Questa la reazione di Nigel Farage:

Restano sostanzialmente stabili i LibDem, dopo il naufragio del 2015, anzi guadagnano 3 seggi e potrebbero essere l’ago della bilancia di una maggioranza governativa Tories – LibDem (come nel 2010), ma considerando come andarono le cose nel 2015 dopo 5 anni di Governo al fianco dei conservatori (nel 2010 i LibDem di Nick Clegg avevano ottenuto il 23%, 6 milioni di voti, e 57 seggi, mentre nel 2015 erano scesi al 7,9%, 2,5 milioni di voti, e 8 seggi), Tim Fallon (o chiunque sarà a capo del partito) non credo appoggerà nuovamente un suicidio politico. Fa riflettere il fatto che proprio Nick Clegg, capo del partito prima di Tim Fallon, perda nel suo seggio.

In questa situazione si parla di Hung Parliament (Parlamento appeso) ovvero un parlamento senza una maggioranza governativa. Questa situazione, che era già chiara dopo le 23, ha portato ad un deprezzamento della sterlina del 2% nei confronti del dollaro in pochi minuti (sotto, il grafico).
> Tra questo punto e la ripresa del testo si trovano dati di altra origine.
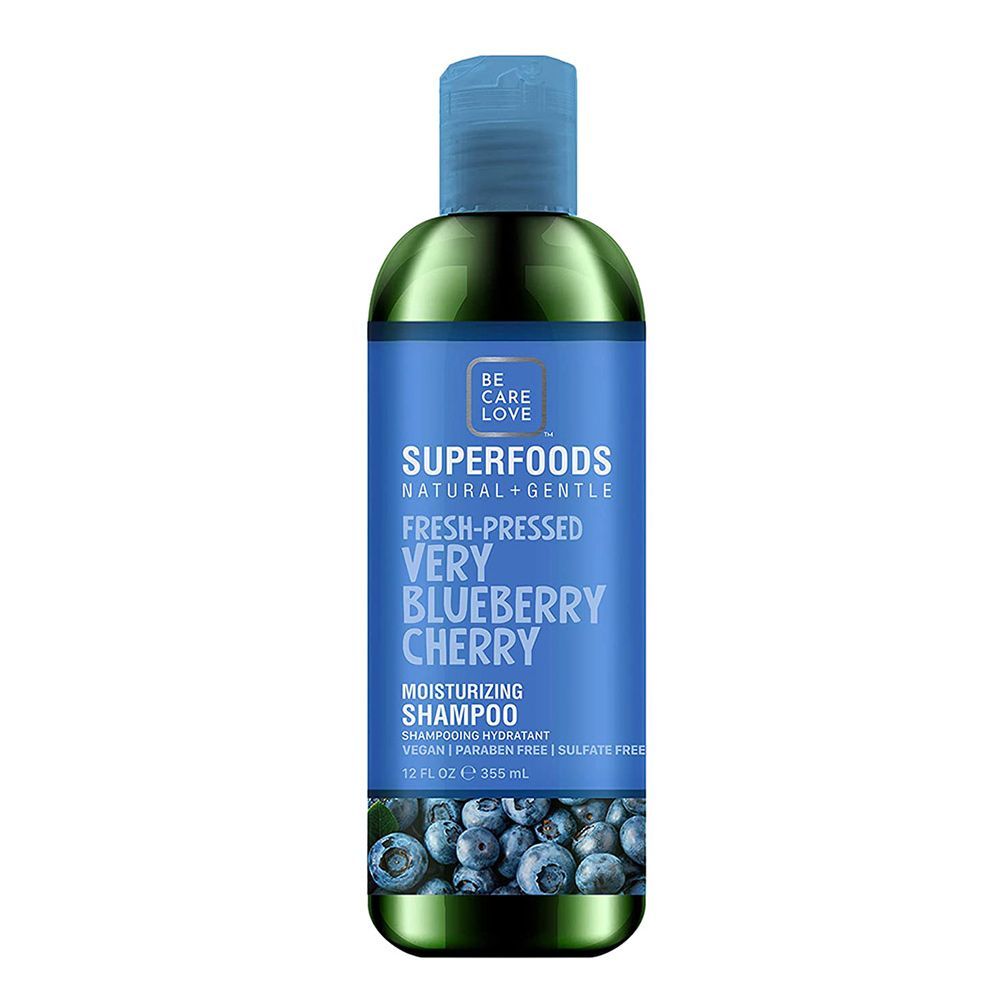 Be Care Love Superfoods Fresh Pressed Blueberry Cherry Moisturizing Shampoo 355 مل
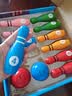 三格田（SANGTY）实木保龄球玩具儿童套装大号室内球类运动男童孩宝宝智力2-3-4岁 2061实木保龄球（10瓶+2球）数字 实拍图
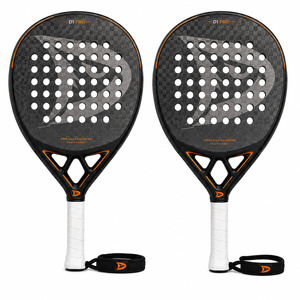 Juego de Raquetas de Pádel Profesionales de Fibra de Carbono 3K, Logotipo Personalizado, Forma de Lágrima, Núcleo de EVA, Raquetas de Tenis de Pádel para Torneo - Product Image 2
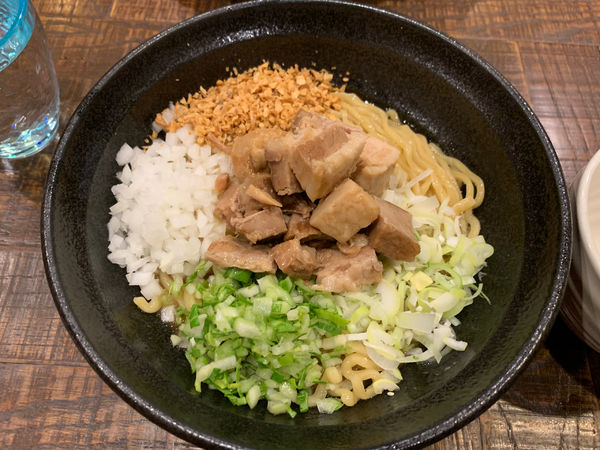 「ガーリックまぜそば」@七福軒の写真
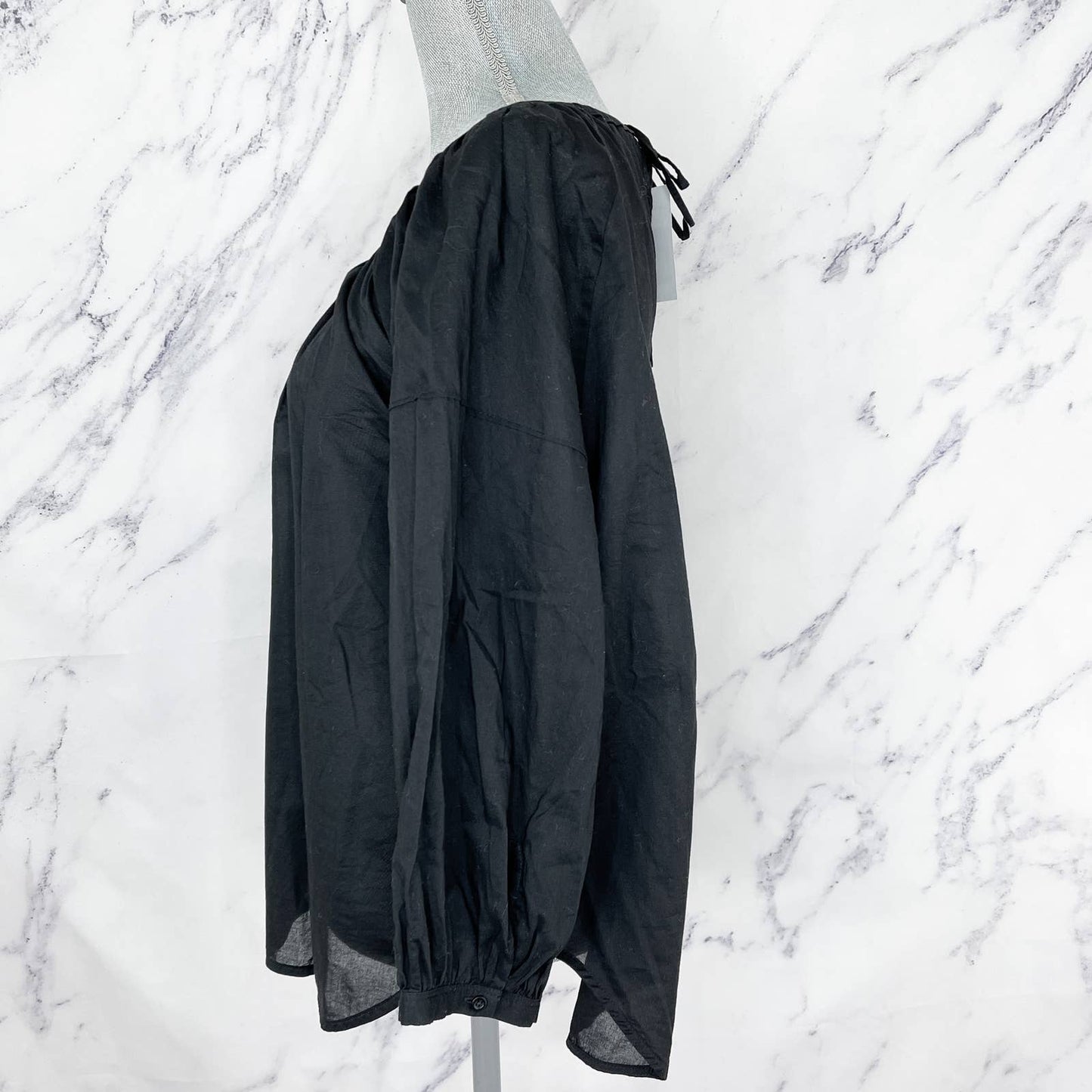 Everlane | Ruched Air Peasant Blouse | Sz 4 (S)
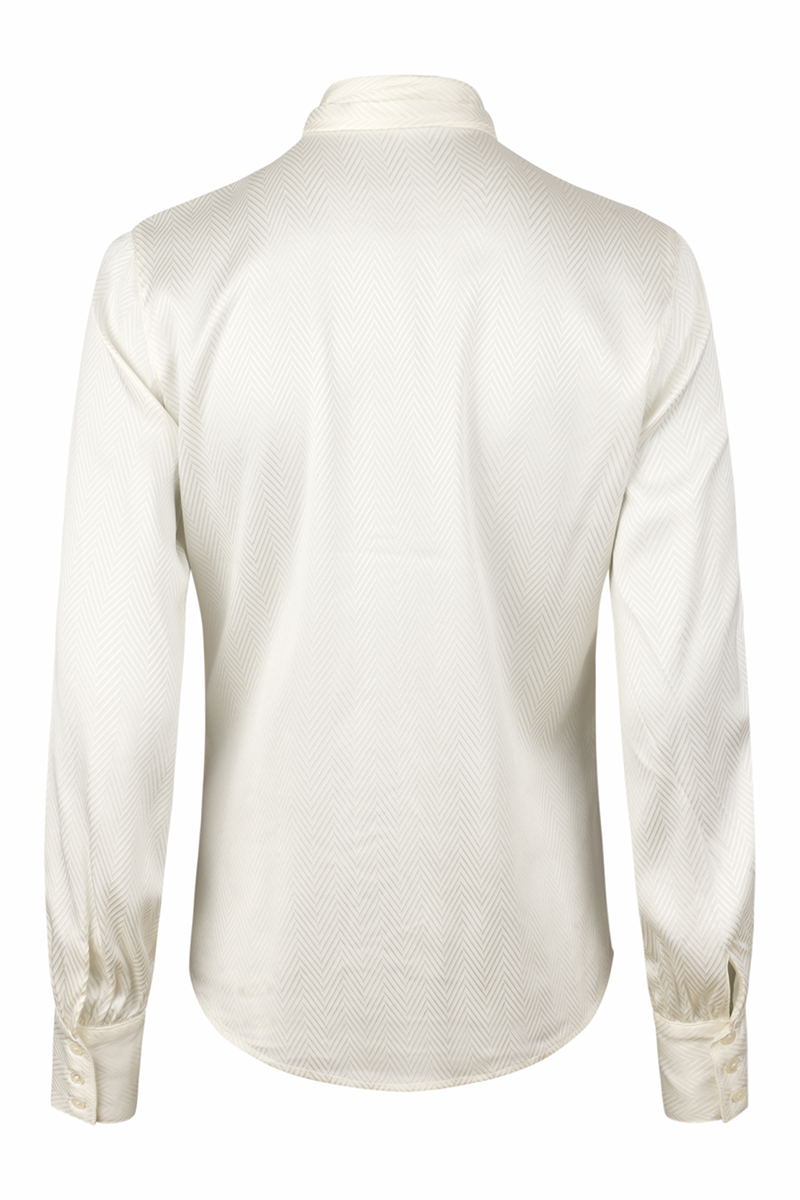Selma Blouse, Bowtie Flyfront
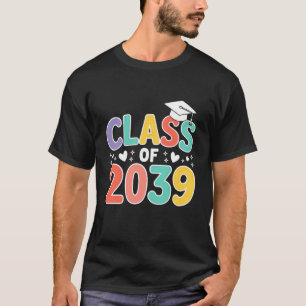 Class of 2039 First Day of School Grow with Me Fut T-Shirt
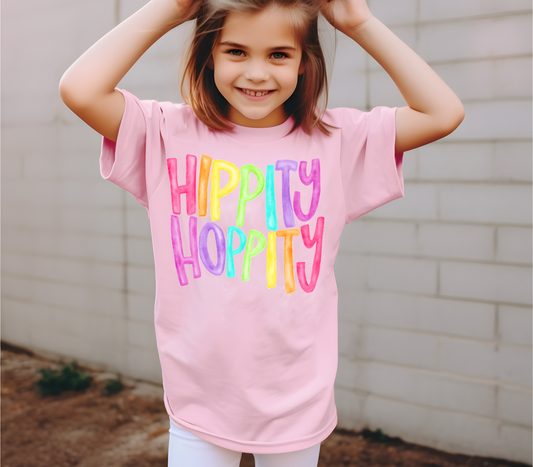 Hippity Hoppity Comfort Colors T-Shirt - YOUTH & ADULT SIZES - ALL COLORS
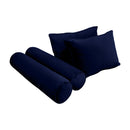 Style V1 Twin-XL Pipe Trim Velvet Indoor Daybed Mattress Pillow Complete Set AD373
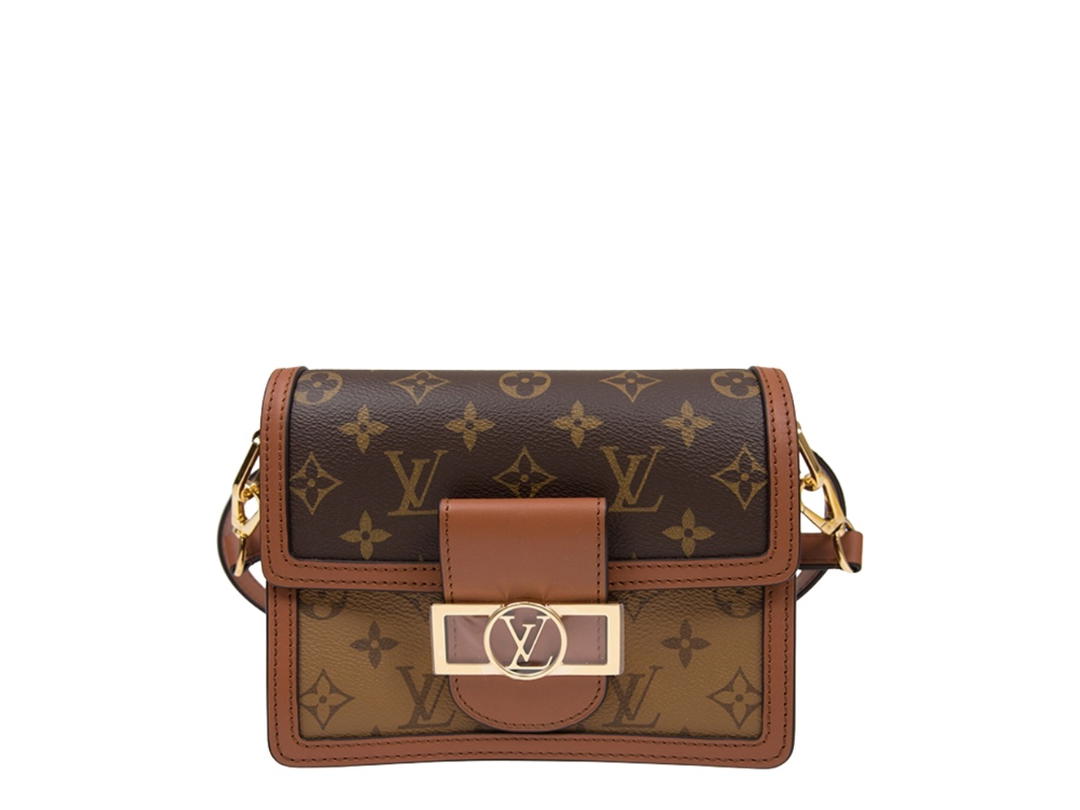 Louis Vuitton Louis Vuitton Mini Dauphine Monogram Reverse Canvas Shoulder Bag Brown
Deprezzamento della sterlina nei confronti del dollaro

Elezioni in Gran Bretagna, lo scenario attuale

La May ha perso ma la palla resta in mano ai Tories, o con un governo di minoranza o con una maggioranza di due voti grazie al supporto esterno degli unionisti protestanti irlandesi (facendo aumentare la distanza e la tensione con i cattonordirish).

I negoziati per la Brexit si potrebbero annunciare duri per chiunque siederà al tavolo al posto della May.

Le voci dicono che il suo successore a Downing Street sarà l’ex sindaco di Londra Boris Johnson, uno dei “brexiters” più accesi, altri invece puntano su Philip Hammond, l’ex Ministro degli esteri del Governo Cameron.